It is assumed that digital signatures are produced and checked by a secure, trusted module (e.g. a smartcard). The task of the watermarking is to ensure that the document for which the module performs signing or checking is identical to the document the user sees on his display. In other words, the user must be sure that the document has not been manipulated on the way to the secure module. The task is not trivial, since the attacker can be assumed to monitor all communication and know both the document and possible response from the module. The module cannot simply return the document it received back to the user to check its integrity. An attacker could modify it on the way to the module and again undo the modifications when the module sends it back, so the user would not notice anything.

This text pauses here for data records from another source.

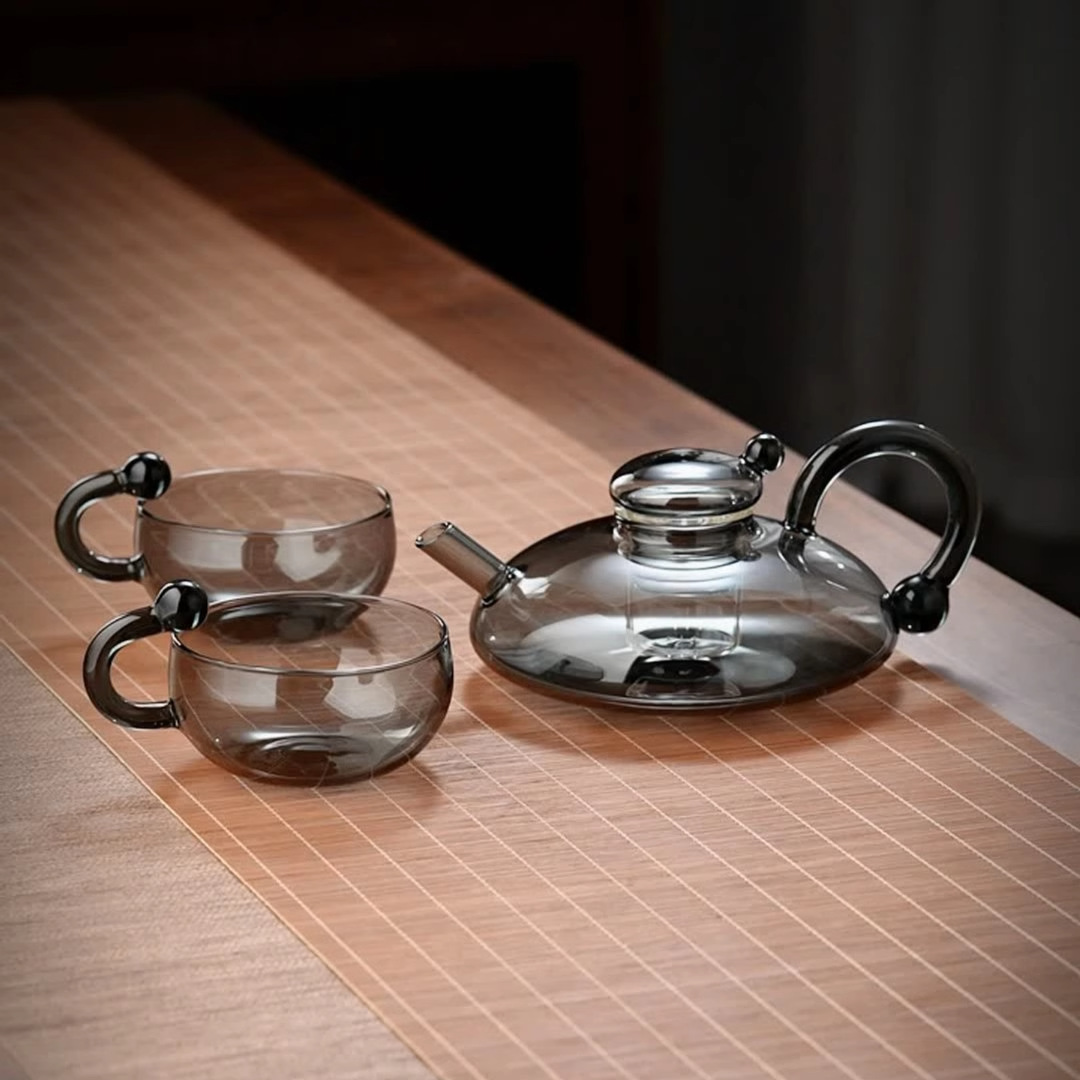 glass teapot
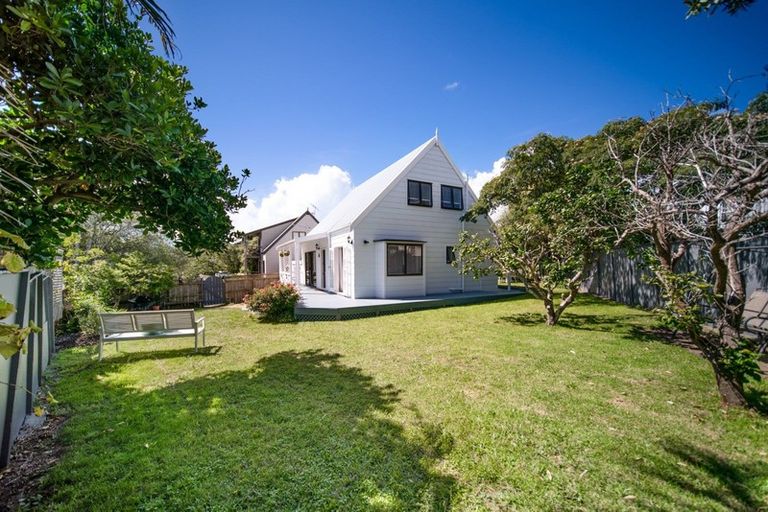 Photo of property in 2/11 Cairngorm Place, Highland Park, Auckland, 2010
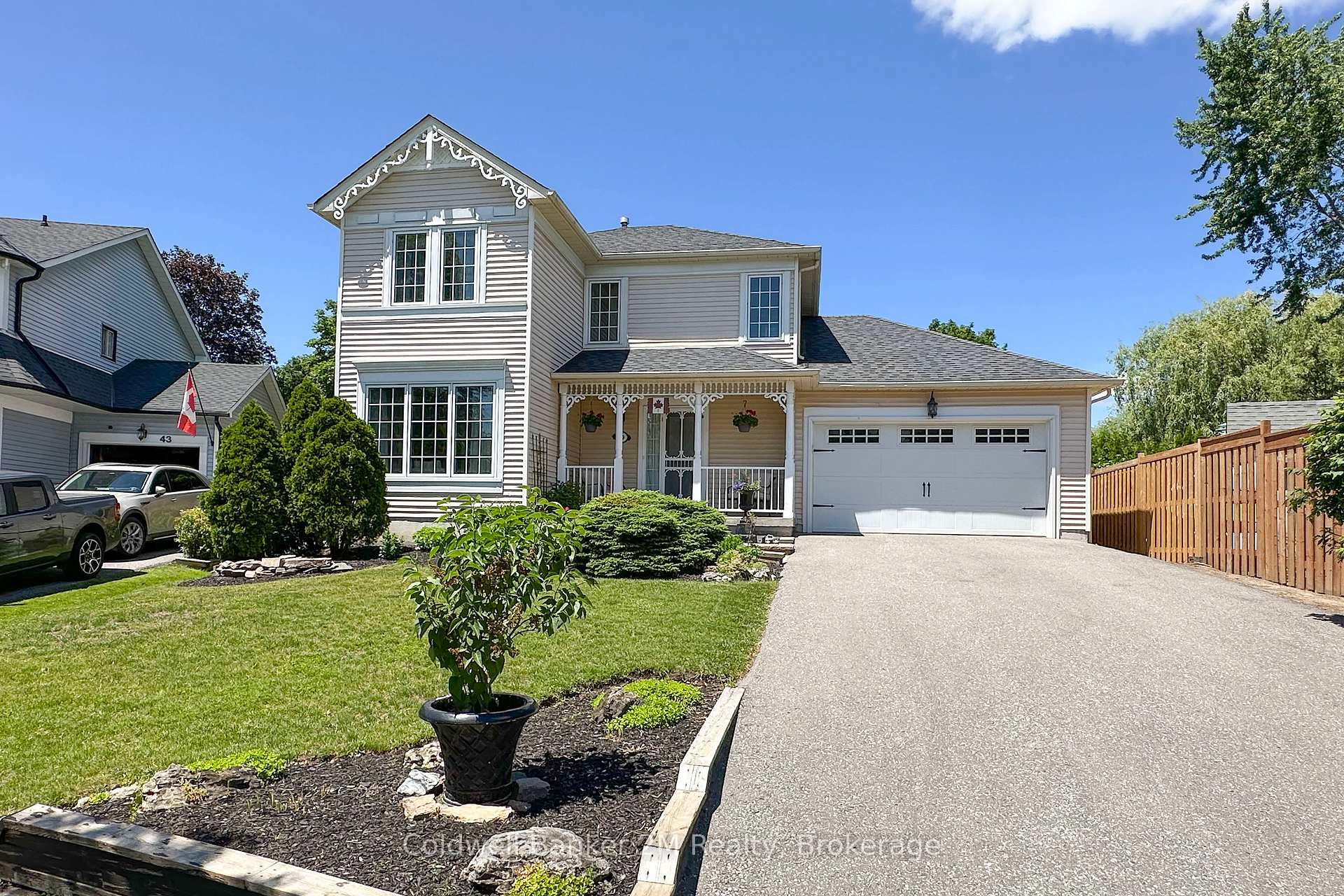 39 Poplar Park Crescent, Scugog, ON L9L 1E3
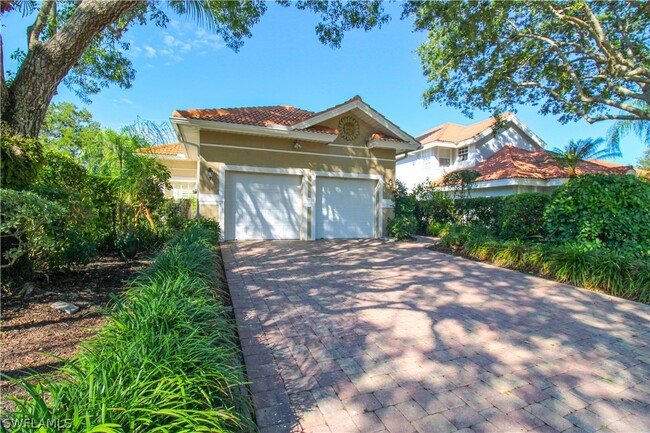 152 Napa Ridge Way in Naples, FL - Foto de edificio - Building Photo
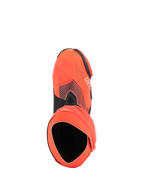 Buty Alpinestars Supertech R Vented MM93 Replica, wysokiej klasy sportowe buty motocyklowe, czerwone fluo i granatowe, widok z góry pokazujący otwór i konstrukcję buta wewnętrznego, cholewka z perforowanej mikrofibry z grafiką sygnowaną przez Marca Márqueza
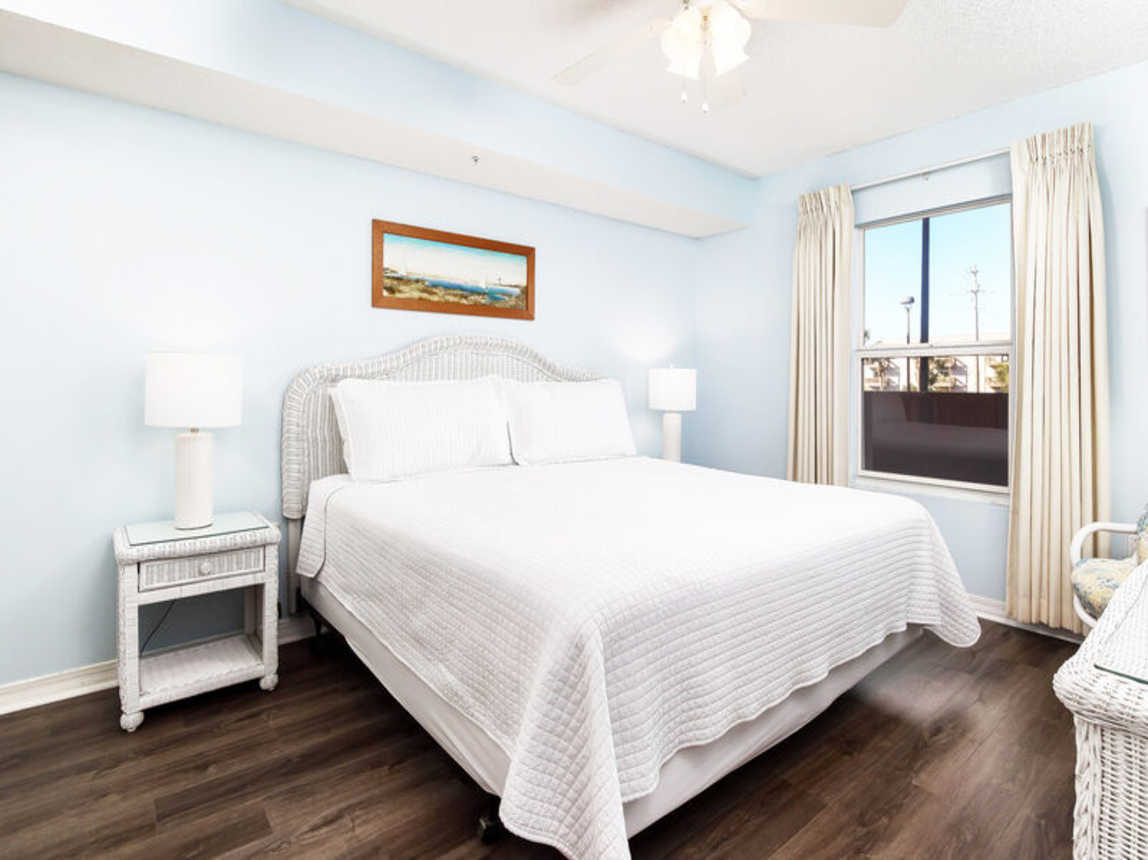 Guest Bedroom - 
Gulf Dunes Resort Unit 108 Okaloosa Island Fort Walton Beach FL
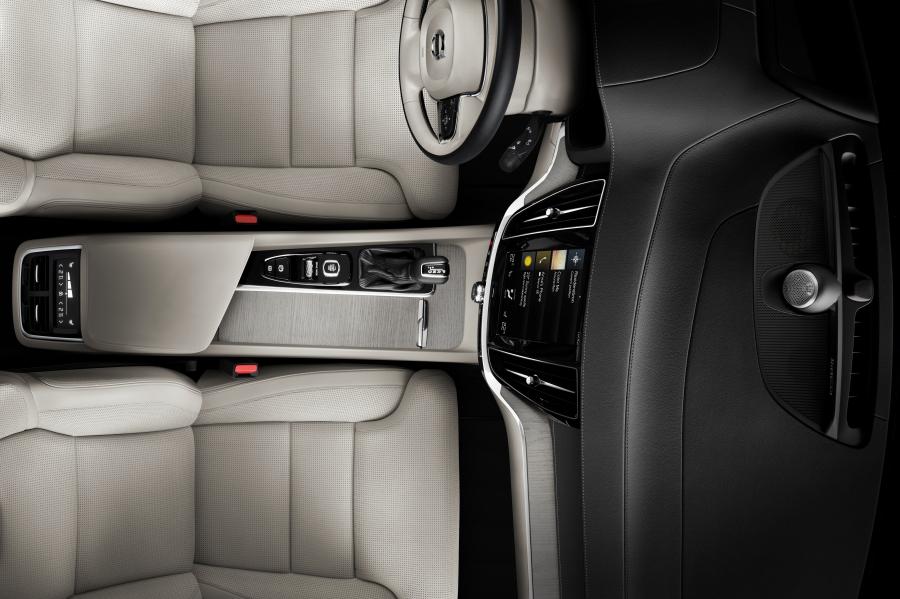 Интерьер Volvo S60 T6 Inscription 2018 года  (WW) (фото 32 из 65)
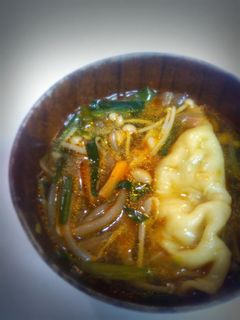 辛うま野菜餃子スープ☆焼く用の冷凍餃子で-レシピのメイン写真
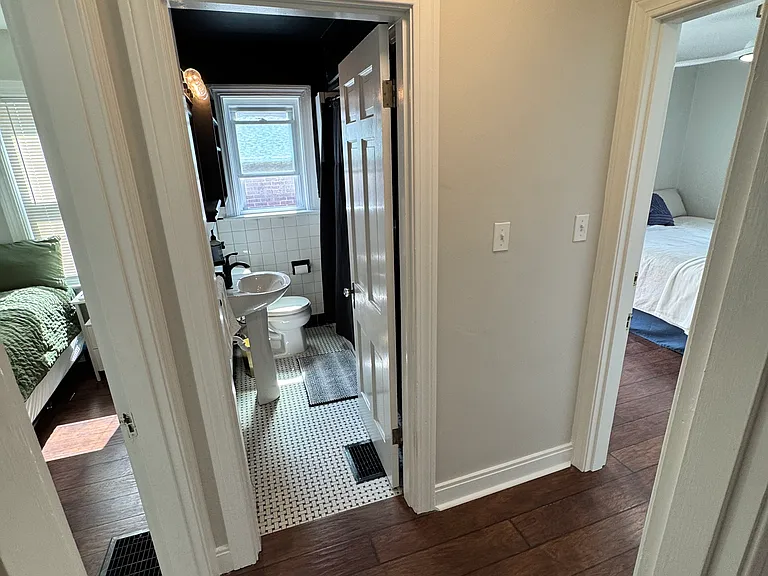 2435 Emil Ave — Photo 6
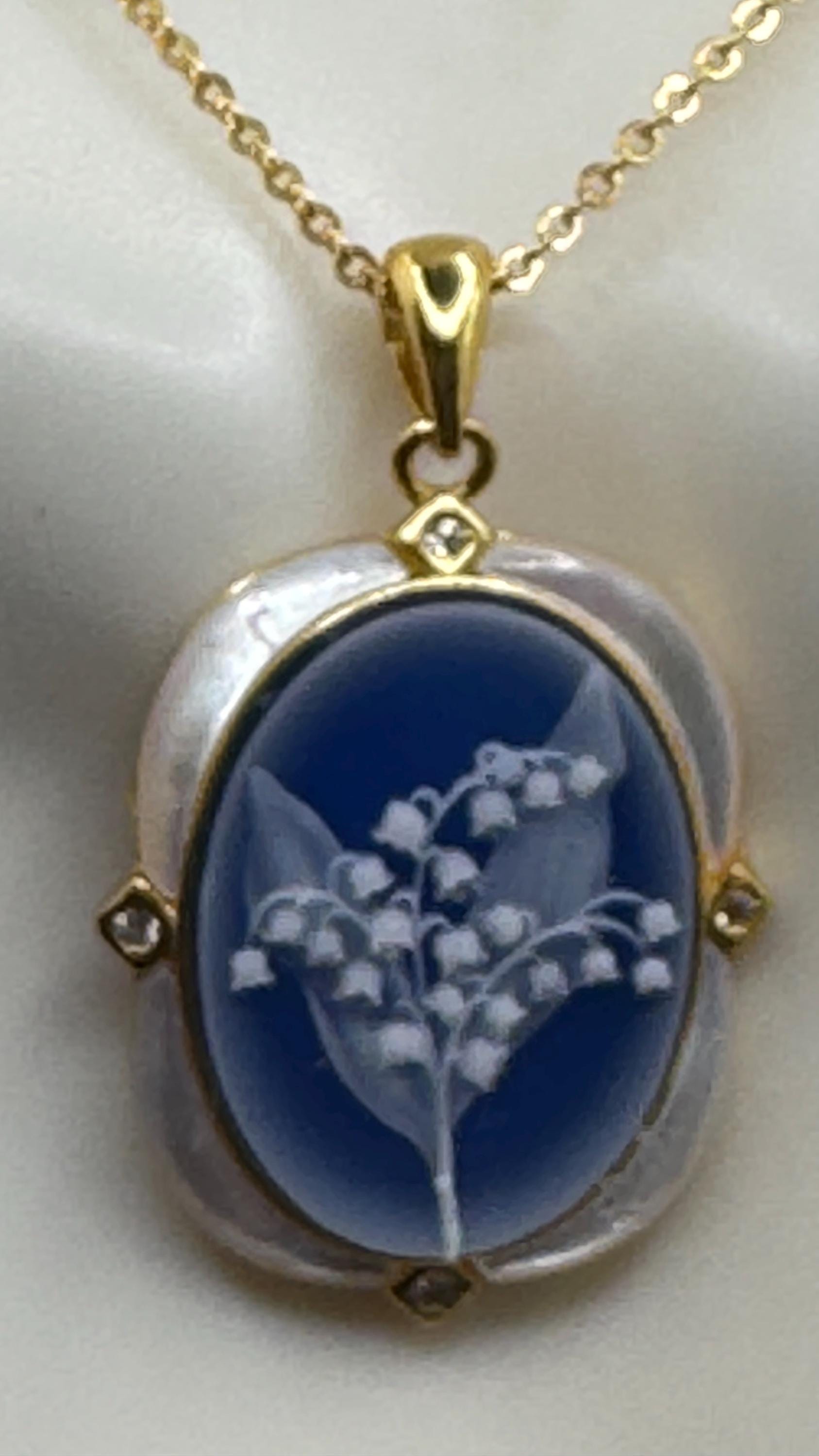 Vintage Lily of the Valley Blue Onyx Cameo Choker Gold 925 Sterling Silver Necklace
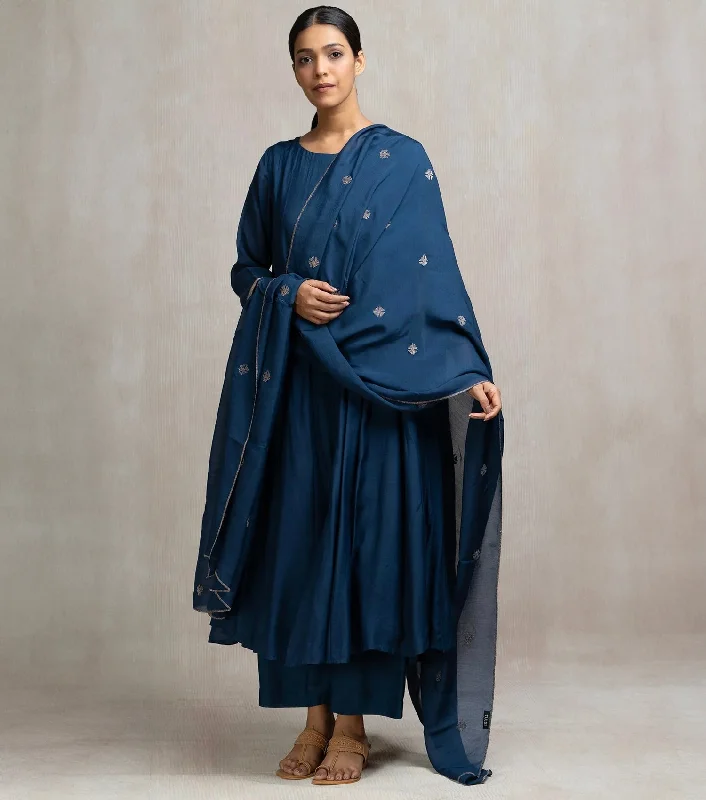 Muslin Panelled A-line Kurta with Pants & Embroidered Dupatta Relaxed Casual Leggings Muslin Panelled A-line Kurta with Pants & Embroidered Dupatta Relaxed Casual Leggings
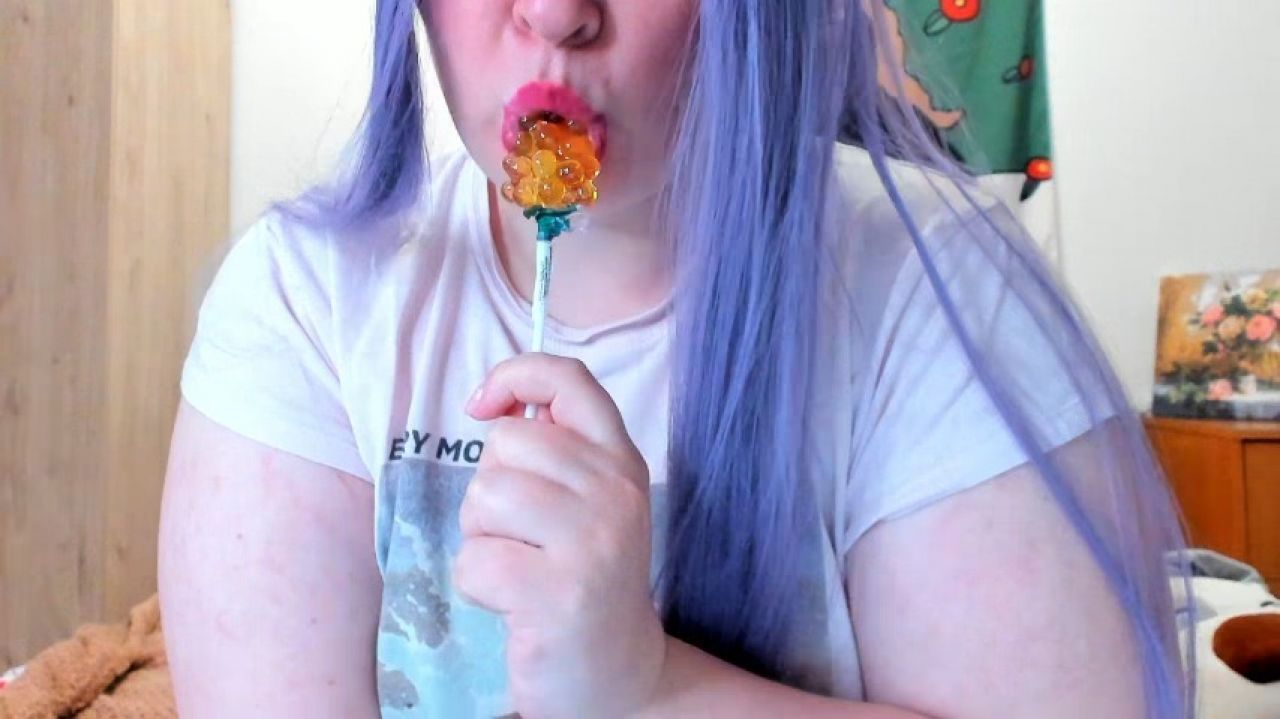 bbw sucking lollipop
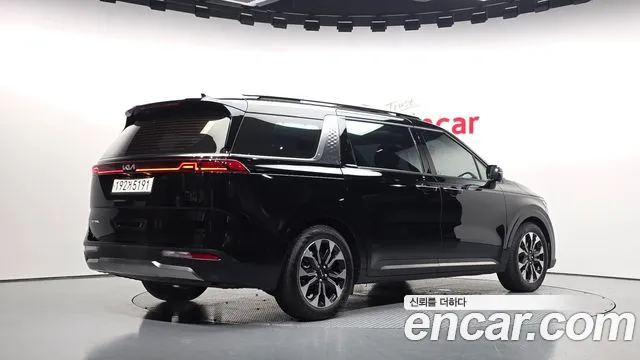 Kia Carnival 2022 thumb 10
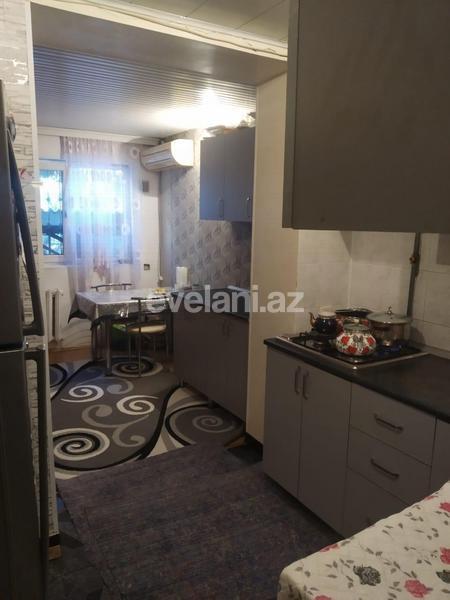 Sale, old building, 2 room, 40 m², Inshaatchilar m.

To prevent such tampering, the module embeds a watermark into the document it received from the user. The watermark is unknown to the attacker, but the user knows what to expect. The module sends such watermarked document back to the user for approval. If the user sees both that his document has not been changed and that the watermark is correct, he can be confident that no one has tampered with the document.

For the scheme to work, it is necessary that the user can recognize the watermark without computer help. On the other hand, the attacker, even knowing the document and the module’s response, must not be able to detect and thus forge it. For achieving this, two approaches are pursued:

  1. Document authentication using visual cryptography, and
  2. Document authentication using animated visual CAPTCHAs

Both approaches have advantages and drawbacks. The first can be made perfectly secure, but at the price of user friendliness. The second is easy to use, but it’s security depends on the capabilities of state-of-the-art pattern recognition algorithms. In both approaches, the document has to be transformed in an image.

 

Visual Cryptography

In the visual cryptography approach, the document, superimposed with the watermark, is “encrypted” by splitting it into two so-called shares. One of them is fixed in advance, known to the user and serves as the key, while the other one is the “cyphertext”. User’s key is printed on a transparency which he superimposes with the “cyphertext” he receives from the module. The result is an image containing both the watermark and the original document.

 

Cyphertext:

 

+ Key:

 

= Result:

Figure 1: An example of visual watermarking using visual cryptography (section).

 

 

Animated visual CAPTCHAs

Visual CAPTCHAs are generally images whose content is recognizable by humans, but not by computers (at least not with the current state-of-the-art pattern recognition algorithms). Simple CAPTCHAs are often used by various web-based services to grant access only to humans, but not to robots, spiders etc.

CAPTCHAs’ property of being hard to recognize by machines makes them useful as watermarks to combine with the document. Especially appealing are animated CAPTCHAs, which can be shown directly on the computer screen (no need for printing!) and are even harder to break by a machine.

 

Figure 2: An example of visual watermarking using visual CAPTCHAs (snapshot).